Sushi rolls should be refrigerated immediately if not consumed within 2 hours, and ideally eaten within 24 hours to maintain freshness and food safety.
Sushi rolls with avocado and sauce are moderate in protein, usually offering about 2-4 grams per roll depending on the ingredients. The protein mostly comes from fillings like fish or seafood. If the roll is vegetarian, such as with only avocado, the protein content may be lower.
Traditional sushi rolls with rice are not keto-friendly, as the rice contains a significant amount of carbs—about 25-30 grams of carbohydrates per roll. However, keto-friendly variations using cauliflower rice or cucumbers instead of rice are available and can be enjoyed on a ketogenic diet.

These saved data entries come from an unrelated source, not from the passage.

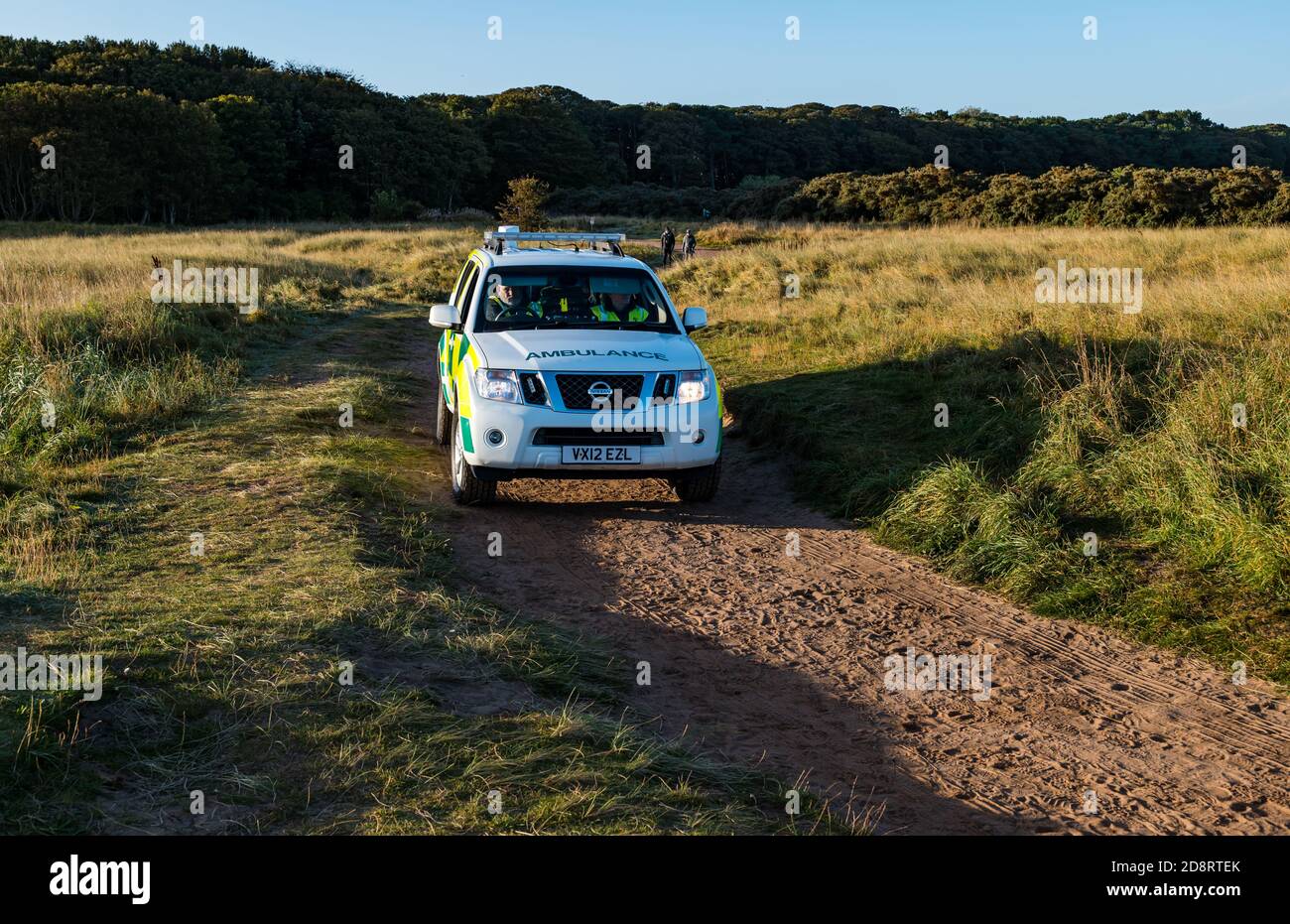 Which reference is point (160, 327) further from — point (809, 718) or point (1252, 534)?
point (1252, 534)

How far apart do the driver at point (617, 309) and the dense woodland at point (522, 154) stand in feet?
105

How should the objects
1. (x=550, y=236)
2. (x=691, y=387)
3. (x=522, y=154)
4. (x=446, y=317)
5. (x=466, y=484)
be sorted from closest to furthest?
(x=691, y=387)
(x=466, y=484)
(x=446, y=317)
(x=550, y=236)
(x=522, y=154)

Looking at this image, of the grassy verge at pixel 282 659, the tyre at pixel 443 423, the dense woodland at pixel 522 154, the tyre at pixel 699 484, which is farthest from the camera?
the dense woodland at pixel 522 154

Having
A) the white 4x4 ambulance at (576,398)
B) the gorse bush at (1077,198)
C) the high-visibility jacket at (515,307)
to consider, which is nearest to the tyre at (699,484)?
the white 4x4 ambulance at (576,398)

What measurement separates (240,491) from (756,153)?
379 feet

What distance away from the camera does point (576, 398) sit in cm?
836

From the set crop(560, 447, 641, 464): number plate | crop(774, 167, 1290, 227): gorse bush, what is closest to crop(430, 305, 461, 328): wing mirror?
crop(560, 447, 641, 464): number plate

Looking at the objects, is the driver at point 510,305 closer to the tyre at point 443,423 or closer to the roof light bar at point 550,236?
the tyre at point 443,423

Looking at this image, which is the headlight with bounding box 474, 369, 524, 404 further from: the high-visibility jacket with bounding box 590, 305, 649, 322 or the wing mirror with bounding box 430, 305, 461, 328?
the high-visibility jacket with bounding box 590, 305, 649, 322

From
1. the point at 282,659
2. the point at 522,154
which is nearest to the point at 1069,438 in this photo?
the point at 282,659

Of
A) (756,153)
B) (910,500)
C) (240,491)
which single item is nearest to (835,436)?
(910,500)

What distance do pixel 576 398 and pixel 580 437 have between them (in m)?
0.30

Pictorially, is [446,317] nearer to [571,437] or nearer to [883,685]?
[571,437]

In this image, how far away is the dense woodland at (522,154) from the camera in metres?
46.3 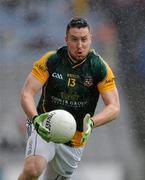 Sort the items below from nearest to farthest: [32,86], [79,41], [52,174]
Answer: [79,41]
[32,86]
[52,174]

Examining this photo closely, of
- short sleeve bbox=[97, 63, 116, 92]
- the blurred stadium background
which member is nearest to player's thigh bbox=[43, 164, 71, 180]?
short sleeve bbox=[97, 63, 116, 92]

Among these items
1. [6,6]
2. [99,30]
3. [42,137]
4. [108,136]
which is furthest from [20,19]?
[42,137]

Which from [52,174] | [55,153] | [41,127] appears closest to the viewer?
[41,127]

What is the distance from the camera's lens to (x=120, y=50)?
10219 millimetres

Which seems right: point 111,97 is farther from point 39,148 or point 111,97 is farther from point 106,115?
point 39,148

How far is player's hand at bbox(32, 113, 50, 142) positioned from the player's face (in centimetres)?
62

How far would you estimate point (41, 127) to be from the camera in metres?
6.07

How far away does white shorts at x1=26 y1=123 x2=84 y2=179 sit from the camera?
654cm

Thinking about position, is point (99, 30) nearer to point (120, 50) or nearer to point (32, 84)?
point (120, 50)

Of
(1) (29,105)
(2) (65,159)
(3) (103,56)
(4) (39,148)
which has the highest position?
(3) (103,56)

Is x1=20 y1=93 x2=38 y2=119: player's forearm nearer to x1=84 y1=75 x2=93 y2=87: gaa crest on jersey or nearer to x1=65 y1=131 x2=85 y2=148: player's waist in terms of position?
x1=84 y1=75 x2=93 y2=87: gaa crest on jersey

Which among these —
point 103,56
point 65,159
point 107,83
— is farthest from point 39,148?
point 103,56

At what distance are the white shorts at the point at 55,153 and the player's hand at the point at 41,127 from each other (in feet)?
1.35

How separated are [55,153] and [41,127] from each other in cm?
80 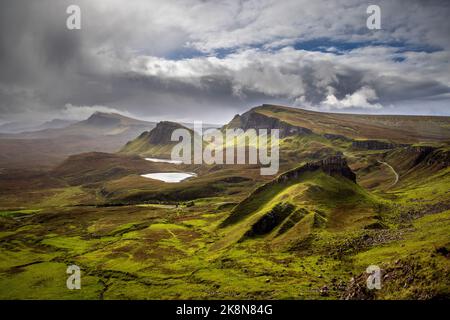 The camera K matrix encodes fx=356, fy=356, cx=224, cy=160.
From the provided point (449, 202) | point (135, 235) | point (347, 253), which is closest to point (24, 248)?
point (135, 235)

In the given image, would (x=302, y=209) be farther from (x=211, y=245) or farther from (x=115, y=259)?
(x=115, y=259)

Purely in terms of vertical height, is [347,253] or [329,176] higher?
[329,176]

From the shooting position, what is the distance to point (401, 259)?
77750mm

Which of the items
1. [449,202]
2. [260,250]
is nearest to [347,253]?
[260,250]

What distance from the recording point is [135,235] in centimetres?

Sushi rolls with avocado provide healthy monounsaturated fats that support heart health, along with fiber and vitamins like vitamin E. However, the sauce can be a concern as it often contains added sugars or sodium, depending on the type (e.g., spicy mayo or eel sauce). Moderation is key, especially if you're watching your sugar or sodium intake.
A typical serving of sushi is considered one roll (6-8 pieces), which provides approximately 200-400 calories depending on the ingredients and sauces. If aiming for a balanced meal, pair it with a side salad or soup and mindful portion sizes if you're managing calorie intake.
Sushi rolls with avocado and sauce tend to be higher in calories and fat compared to simple nigiri or sashimi because of the sauces and the avocado's healthy fats. Rolls with raw fish provide more protein but fewer carbs and fats, while vegetarian rolls are lower in protein but may have more fiber from vegetables.